*Data to process*:
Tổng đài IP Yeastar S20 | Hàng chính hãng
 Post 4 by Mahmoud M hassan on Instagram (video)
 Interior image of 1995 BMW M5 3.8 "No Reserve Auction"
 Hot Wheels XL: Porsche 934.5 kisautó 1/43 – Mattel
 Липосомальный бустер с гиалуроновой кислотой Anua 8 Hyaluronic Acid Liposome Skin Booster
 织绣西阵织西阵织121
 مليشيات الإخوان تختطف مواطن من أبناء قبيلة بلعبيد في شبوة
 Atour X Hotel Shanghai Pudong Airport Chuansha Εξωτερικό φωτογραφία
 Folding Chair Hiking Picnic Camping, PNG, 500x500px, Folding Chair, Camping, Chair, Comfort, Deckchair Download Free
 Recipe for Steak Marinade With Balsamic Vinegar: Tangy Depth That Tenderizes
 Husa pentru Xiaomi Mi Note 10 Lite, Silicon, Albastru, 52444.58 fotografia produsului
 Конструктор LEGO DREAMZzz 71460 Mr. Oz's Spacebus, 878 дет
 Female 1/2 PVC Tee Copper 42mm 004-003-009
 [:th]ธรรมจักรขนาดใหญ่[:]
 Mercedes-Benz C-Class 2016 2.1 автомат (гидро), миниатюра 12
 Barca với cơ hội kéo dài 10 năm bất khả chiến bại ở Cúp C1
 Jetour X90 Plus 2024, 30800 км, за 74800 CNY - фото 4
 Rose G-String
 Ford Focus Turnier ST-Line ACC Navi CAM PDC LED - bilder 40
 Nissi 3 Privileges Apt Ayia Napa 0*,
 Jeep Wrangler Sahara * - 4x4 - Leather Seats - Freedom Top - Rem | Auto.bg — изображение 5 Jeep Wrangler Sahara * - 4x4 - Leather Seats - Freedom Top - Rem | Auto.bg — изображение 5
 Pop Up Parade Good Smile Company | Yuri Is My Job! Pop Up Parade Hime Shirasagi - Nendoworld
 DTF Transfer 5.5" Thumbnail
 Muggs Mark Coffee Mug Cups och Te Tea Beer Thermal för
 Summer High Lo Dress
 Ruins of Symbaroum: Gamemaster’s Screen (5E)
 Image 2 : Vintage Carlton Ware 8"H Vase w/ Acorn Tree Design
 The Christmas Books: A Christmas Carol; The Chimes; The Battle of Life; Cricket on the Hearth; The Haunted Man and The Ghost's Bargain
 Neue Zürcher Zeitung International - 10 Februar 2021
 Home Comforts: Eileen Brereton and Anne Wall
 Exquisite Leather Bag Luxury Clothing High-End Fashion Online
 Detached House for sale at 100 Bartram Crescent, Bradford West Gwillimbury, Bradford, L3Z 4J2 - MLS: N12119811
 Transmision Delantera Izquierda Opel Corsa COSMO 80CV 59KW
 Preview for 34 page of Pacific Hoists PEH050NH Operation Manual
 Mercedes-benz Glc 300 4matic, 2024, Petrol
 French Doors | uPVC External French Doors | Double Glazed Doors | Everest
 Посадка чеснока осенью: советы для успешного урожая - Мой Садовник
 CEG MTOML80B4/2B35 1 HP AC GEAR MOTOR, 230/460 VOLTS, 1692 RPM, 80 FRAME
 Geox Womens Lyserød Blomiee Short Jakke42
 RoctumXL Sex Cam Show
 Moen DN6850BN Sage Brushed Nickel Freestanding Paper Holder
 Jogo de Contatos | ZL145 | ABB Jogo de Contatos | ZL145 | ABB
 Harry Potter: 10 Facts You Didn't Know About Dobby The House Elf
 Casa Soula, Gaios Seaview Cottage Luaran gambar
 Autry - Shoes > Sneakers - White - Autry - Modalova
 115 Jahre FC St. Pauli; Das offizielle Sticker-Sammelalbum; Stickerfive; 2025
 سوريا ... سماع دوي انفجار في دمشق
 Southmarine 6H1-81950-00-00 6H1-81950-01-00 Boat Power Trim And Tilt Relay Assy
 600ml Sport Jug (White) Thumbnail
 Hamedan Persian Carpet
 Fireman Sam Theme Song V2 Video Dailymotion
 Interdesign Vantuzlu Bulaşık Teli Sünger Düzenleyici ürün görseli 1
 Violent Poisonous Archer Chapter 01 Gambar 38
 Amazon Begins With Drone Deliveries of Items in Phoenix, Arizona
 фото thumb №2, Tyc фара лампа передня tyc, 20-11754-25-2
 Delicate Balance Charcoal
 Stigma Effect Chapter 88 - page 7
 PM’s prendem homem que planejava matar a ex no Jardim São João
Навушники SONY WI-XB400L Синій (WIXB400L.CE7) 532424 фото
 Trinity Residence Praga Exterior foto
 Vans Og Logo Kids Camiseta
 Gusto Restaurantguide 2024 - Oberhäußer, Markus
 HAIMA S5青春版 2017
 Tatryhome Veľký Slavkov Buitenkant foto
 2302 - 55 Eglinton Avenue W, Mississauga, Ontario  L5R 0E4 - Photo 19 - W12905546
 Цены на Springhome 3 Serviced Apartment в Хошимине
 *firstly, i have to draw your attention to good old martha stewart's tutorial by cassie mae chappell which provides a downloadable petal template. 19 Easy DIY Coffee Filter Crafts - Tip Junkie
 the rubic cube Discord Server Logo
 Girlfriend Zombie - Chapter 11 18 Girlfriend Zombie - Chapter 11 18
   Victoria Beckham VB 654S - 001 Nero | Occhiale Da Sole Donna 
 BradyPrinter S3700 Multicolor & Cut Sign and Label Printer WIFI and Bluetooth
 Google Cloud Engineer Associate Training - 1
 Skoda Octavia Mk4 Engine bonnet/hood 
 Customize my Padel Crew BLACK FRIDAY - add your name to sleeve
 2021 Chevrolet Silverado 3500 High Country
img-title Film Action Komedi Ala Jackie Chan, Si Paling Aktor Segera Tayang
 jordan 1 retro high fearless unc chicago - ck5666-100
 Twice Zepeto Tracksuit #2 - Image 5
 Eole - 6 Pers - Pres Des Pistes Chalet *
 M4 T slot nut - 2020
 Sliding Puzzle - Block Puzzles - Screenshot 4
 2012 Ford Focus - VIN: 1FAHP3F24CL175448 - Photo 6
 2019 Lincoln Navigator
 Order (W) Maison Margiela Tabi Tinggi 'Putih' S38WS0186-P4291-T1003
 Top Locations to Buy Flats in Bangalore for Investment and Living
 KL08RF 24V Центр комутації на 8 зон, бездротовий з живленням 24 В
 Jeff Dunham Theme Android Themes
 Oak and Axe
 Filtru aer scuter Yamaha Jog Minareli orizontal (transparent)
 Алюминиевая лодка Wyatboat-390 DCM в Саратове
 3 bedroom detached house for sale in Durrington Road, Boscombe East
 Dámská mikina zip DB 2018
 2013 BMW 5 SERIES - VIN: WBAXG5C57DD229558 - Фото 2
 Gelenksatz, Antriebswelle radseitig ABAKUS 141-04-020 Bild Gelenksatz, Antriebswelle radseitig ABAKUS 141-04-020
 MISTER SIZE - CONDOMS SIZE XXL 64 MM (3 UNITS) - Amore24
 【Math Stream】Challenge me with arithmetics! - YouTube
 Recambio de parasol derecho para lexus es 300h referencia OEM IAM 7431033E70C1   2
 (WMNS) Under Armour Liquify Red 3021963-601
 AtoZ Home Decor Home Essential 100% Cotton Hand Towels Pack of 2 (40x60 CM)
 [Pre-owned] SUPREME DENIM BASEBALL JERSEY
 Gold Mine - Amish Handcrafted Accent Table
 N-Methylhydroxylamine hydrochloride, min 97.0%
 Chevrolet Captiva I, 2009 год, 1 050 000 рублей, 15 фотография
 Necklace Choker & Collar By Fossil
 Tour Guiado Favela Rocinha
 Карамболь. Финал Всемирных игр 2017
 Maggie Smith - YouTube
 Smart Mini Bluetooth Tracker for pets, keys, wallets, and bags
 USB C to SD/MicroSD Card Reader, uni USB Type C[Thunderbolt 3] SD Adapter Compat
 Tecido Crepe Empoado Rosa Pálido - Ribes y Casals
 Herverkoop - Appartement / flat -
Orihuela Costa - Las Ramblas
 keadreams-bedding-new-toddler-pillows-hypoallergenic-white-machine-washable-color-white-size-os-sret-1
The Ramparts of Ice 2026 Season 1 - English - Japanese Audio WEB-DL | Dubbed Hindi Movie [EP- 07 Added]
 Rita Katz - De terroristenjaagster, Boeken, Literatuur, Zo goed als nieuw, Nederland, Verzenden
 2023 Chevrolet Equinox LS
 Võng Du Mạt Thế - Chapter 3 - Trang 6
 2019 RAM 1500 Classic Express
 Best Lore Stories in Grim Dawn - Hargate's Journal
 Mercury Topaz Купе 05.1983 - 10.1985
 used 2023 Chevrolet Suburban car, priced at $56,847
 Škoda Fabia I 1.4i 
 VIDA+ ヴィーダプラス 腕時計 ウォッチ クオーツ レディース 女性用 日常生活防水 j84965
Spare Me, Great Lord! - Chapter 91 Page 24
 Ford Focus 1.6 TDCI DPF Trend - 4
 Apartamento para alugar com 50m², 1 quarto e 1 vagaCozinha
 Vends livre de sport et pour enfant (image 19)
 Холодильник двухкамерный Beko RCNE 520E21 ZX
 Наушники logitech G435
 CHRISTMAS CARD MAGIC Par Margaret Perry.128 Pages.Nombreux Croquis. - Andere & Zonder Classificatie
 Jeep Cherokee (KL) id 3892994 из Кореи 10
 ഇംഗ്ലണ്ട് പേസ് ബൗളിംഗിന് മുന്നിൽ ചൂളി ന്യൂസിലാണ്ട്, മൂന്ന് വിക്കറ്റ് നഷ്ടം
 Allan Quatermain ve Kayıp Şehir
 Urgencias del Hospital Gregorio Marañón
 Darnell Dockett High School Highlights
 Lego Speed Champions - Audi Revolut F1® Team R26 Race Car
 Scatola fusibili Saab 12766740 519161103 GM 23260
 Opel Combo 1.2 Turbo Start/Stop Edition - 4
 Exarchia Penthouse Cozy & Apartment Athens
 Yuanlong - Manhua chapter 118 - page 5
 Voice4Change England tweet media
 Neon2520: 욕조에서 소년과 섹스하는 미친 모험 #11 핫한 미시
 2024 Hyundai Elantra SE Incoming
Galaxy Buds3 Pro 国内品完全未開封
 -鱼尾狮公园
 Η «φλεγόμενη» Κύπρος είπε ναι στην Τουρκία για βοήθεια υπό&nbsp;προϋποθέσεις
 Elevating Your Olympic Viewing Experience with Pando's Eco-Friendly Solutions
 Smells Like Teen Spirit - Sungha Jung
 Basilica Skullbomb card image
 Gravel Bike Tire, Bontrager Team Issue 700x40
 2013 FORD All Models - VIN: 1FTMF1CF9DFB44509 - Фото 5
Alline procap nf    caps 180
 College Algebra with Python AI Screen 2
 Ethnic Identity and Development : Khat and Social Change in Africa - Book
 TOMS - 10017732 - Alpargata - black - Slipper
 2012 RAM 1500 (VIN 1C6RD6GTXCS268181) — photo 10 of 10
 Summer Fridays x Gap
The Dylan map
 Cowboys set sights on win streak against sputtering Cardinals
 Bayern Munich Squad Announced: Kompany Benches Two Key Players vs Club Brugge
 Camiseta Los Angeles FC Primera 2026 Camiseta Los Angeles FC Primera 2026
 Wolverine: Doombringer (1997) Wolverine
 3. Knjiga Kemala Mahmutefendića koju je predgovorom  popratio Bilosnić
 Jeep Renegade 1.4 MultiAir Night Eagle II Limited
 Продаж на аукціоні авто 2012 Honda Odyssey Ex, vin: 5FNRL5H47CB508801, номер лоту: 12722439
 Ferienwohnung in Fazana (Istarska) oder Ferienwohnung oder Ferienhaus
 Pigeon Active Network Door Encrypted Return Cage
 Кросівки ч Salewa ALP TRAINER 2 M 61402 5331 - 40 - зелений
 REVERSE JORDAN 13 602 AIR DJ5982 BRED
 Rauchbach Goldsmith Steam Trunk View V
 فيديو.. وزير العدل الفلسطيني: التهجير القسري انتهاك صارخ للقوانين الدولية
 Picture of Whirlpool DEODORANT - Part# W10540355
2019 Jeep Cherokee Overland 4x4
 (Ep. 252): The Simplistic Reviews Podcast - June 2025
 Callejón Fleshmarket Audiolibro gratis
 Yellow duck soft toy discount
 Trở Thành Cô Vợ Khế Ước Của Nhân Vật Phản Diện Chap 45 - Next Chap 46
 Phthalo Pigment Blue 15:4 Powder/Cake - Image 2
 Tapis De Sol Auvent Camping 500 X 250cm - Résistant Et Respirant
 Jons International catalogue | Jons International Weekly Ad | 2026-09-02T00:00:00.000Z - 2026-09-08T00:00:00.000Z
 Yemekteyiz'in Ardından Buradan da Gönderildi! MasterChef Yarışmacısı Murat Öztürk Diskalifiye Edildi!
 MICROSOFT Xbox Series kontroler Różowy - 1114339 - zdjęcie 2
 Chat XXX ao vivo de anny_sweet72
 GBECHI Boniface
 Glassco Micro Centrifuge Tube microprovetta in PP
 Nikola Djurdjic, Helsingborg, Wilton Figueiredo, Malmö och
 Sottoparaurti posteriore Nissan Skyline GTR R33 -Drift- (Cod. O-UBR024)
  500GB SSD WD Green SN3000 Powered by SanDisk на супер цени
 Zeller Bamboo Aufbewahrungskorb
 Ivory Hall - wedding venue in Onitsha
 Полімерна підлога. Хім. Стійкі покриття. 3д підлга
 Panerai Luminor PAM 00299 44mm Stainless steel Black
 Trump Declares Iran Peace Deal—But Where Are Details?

*Directions for this task*:
From the records above, print exactly the lines that run from the line with "Maggie Smith - YouTube" to the line with "Herverkoop - Appartement", inclusive.

*Exercise result*:
 Maggie Smith - YouTube
 Smart Mini Bluetooth Tracker for pets, keys, wallets, and bags
 USB C to SD/MicroSD Card Reader, uni USB Type C[Thunderbolt 3] SD Adapter Compat
 Tecido Crepe Empoado Rosa Pálido - Ribes y Casals
 Herverkoop - Appartement / flat -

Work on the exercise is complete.